> [Data for analysis]
-----

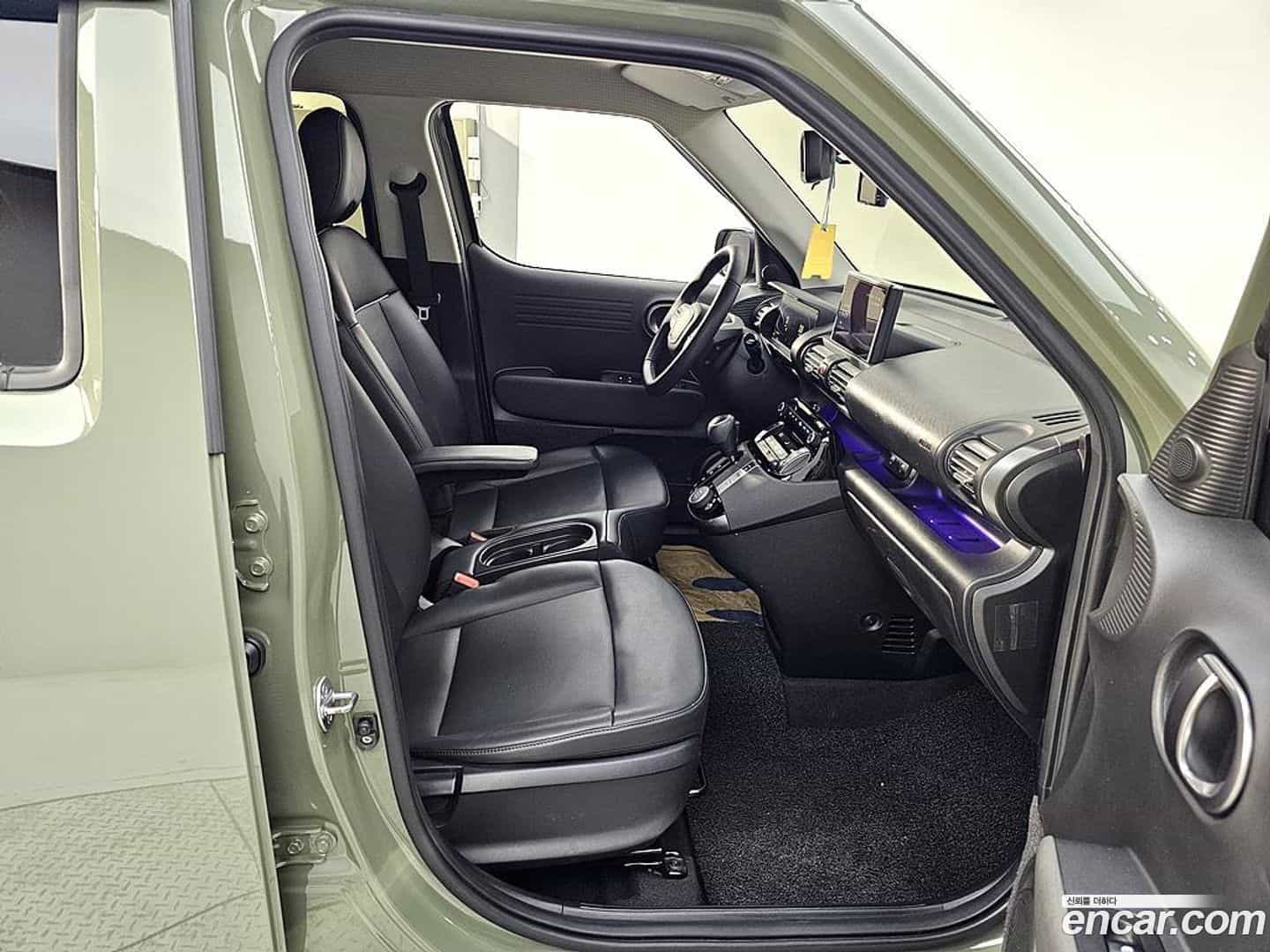 Casper Hyundai 2024.6-OPTION-015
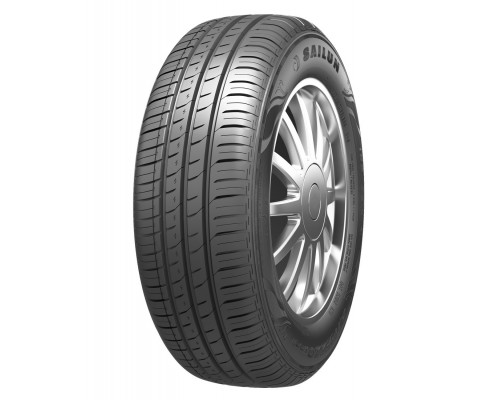 Шина Sailun Atrezzo Eco 175/55R15 77V
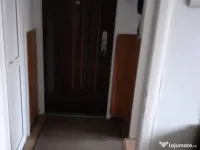 Apartament de vânzare Blaj,str. Eroilor, ETAJ 1 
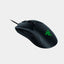 Razer Viper 8 gigagertsli simli oyin sichqonchasi RGB yoritgichli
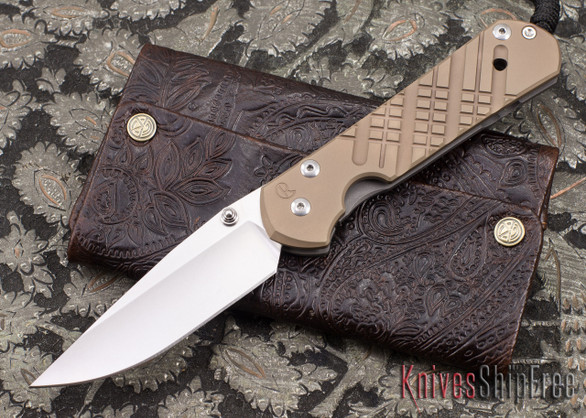 chris-reeve-knives-large-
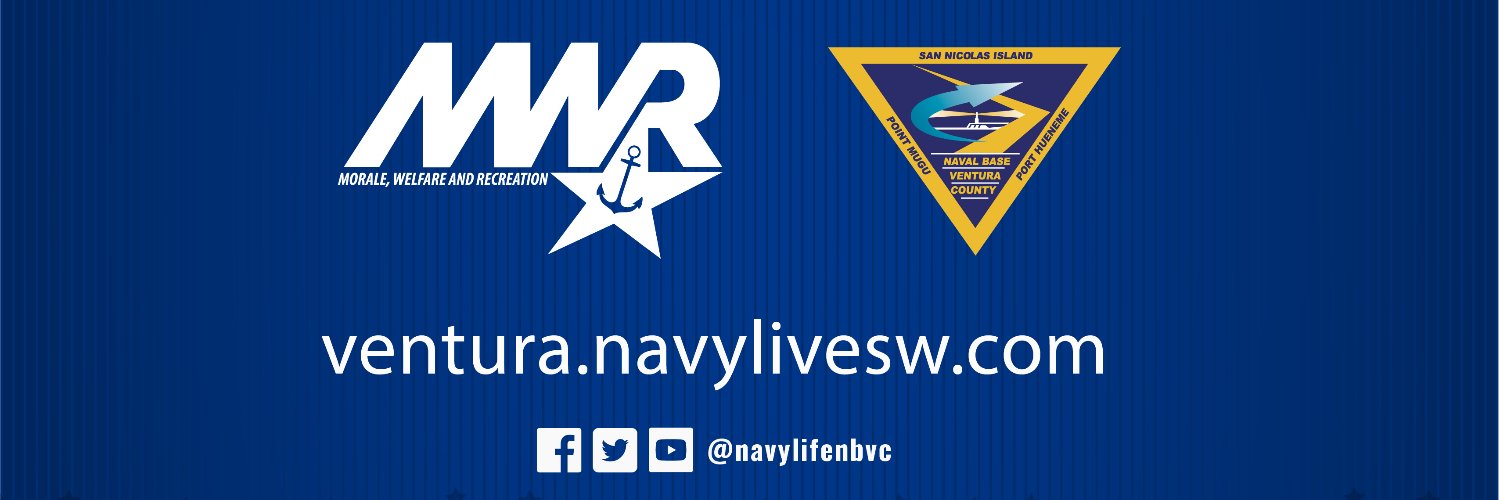 NavyLifeNBVC's profile banner image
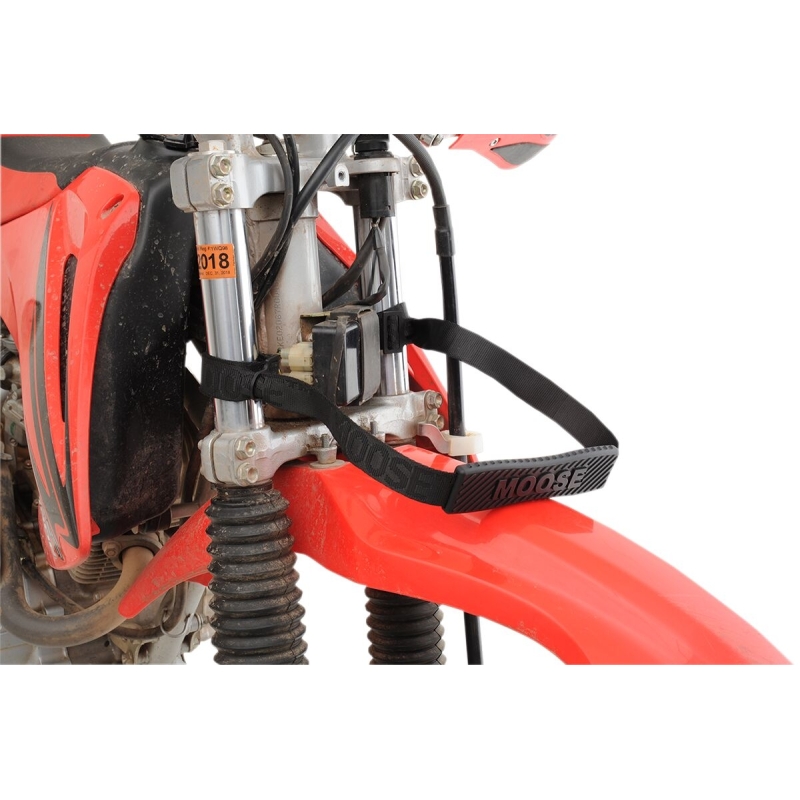 SANGLE MOTOCROSSS AVANT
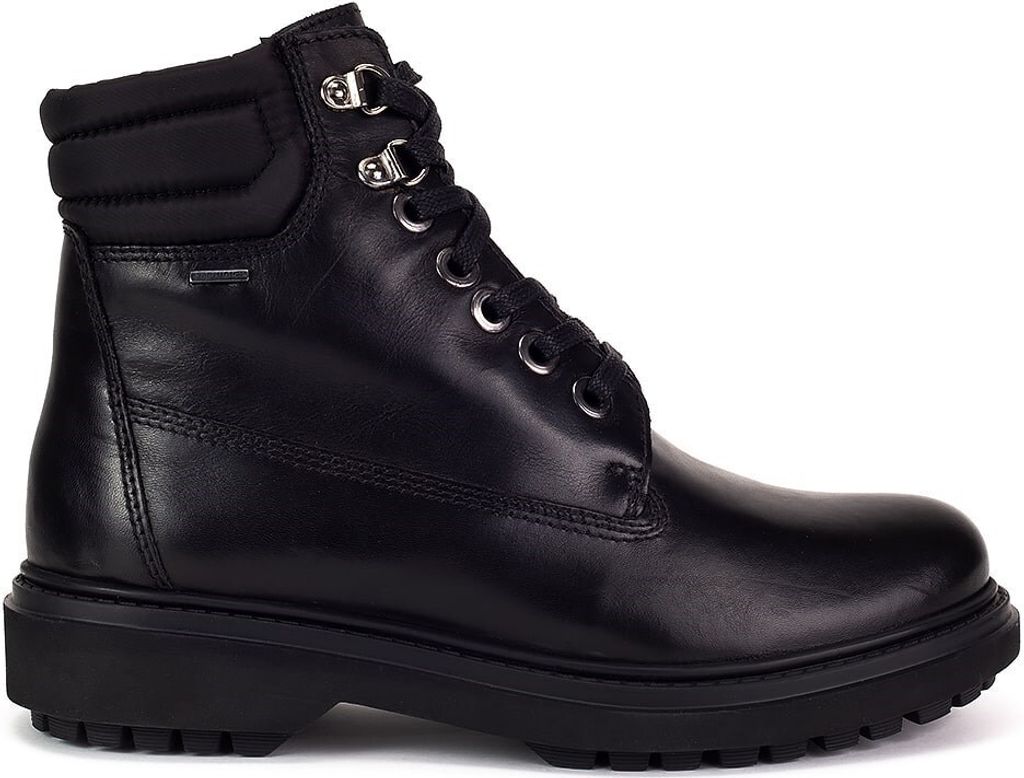 Geox Schuhe Asheely Abx, D84AYC00043C9999, Größe: 36 Produktbild 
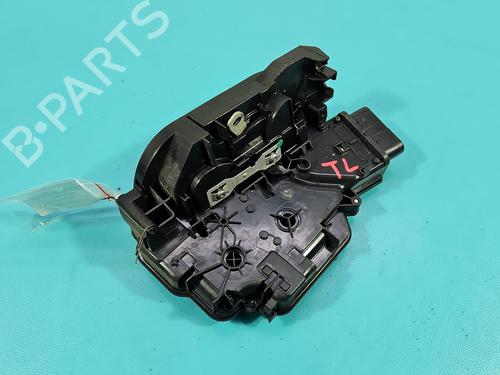 rear-left-lock-ford-grand-c-max-dxacb7-dxaceu-2010-2011-2012-2013-2014-2015-2016-2017-2018-2019-37842020 main image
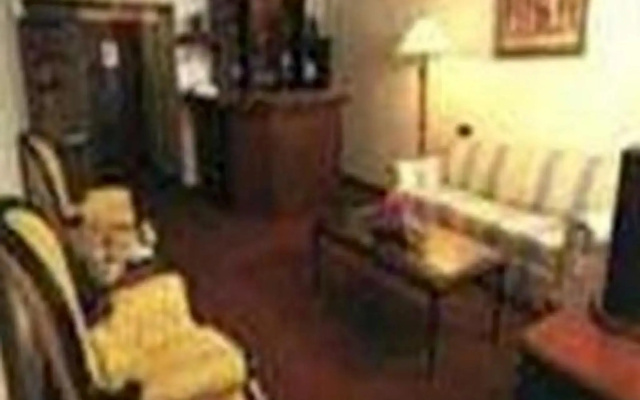 Hotel Utami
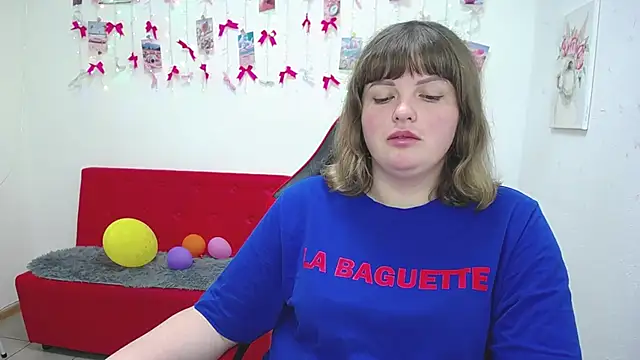 StaceyLex online show from 18, 5, 2026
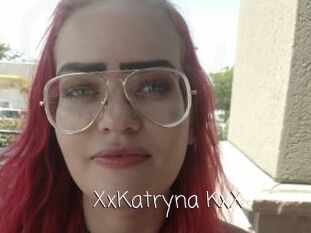 XxKatryna_KxX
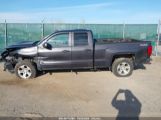 CHEVROLET SILVERADO 1500 2LT photo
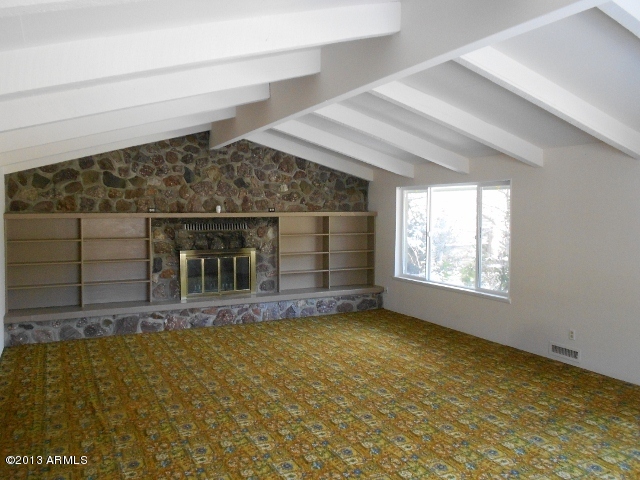 1736 Meadowridge Road Prescott, AZ 86305 - Photo 16 of 25 023-359438-Family 3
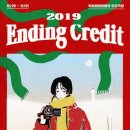 오오극장 이미지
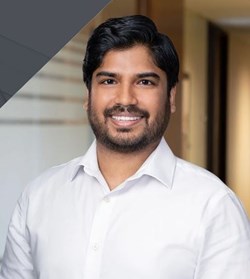 Imran Yassin Financial & Legal Services in Plainview, NY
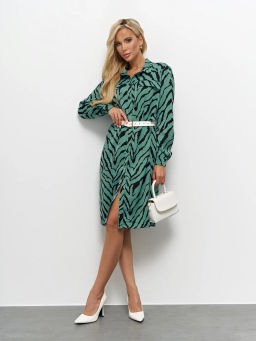 JETTY Уценка Платье  фото 11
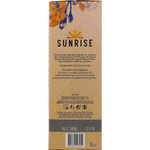 Sunrise Merlot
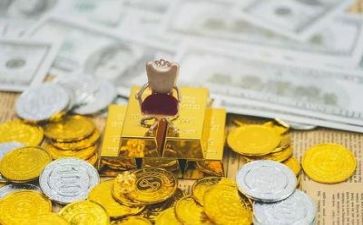 2023医院财务科工作总结范文6篇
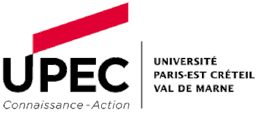 Université Paris-Est Créteil Val de Marne (UPEC)
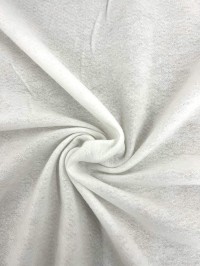 مواد-البناء-geotextile-الشلف-الجزائر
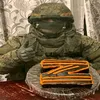 xoxlorez_zz
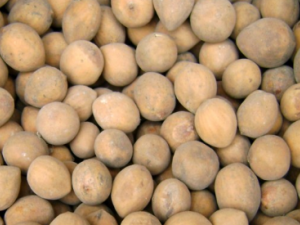 �Ͷ��Ĺ�Ч���� �Ͷ���������Ƥ��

-----

> [What the exercise asks]
Write out the data again word for word, minus any images.

> [Task solution]
 Casper Hyundai 2024.6-OPTION-015
 Шина Sailun Atrezzo Eco 175/55R15 77V
 Apartament de vânzare Blaj,str. Eroilor, ETAJ 1 
 Razer Viper 8 gigagertsli simli oyin sichqonchasi RGB yoritgichli
 chris-reeve-knives-large-
 NavyLifeNBVC's profile banner image
 SANGLE MOTOCROSSS AVANT
 Geox Schuhe Asheely Abx, D84AYC00043C9999, Größe: 36 Produktbild 
 rear-left-lock-ford-grand-c-max-dxacb7-dxaceu-2010-2011-2012-2013-2014-2015-2016-2017-2018-2019-37842020 main image
 Hotel Utami
 StaceyLex online show from 18, 5, 2026
 XxKatryna_KxX
 CHEVROLET SILVERADO 1500 2LT photo
 1736 Meadowridge Road Prescott, AZ 86305 - Photo 16 of 25 023-359438-Family 3
 오오극장 이미지
 Imran Yassin Financial & Legal Services in Plainview, NY
 JETTY Уценка Платье  фото 11
 Sunrise Merlot
 2023医院财务科工作总结范文6篇
 Université Paris-Est Créteil Val de Marne (UPEC)
 مواد-البناء-geotextile-الشلف-الجزائر
 xoxlorez_zz
 �Ͷ��Ĺ�Ч���� �Ͷ���������Ƥ��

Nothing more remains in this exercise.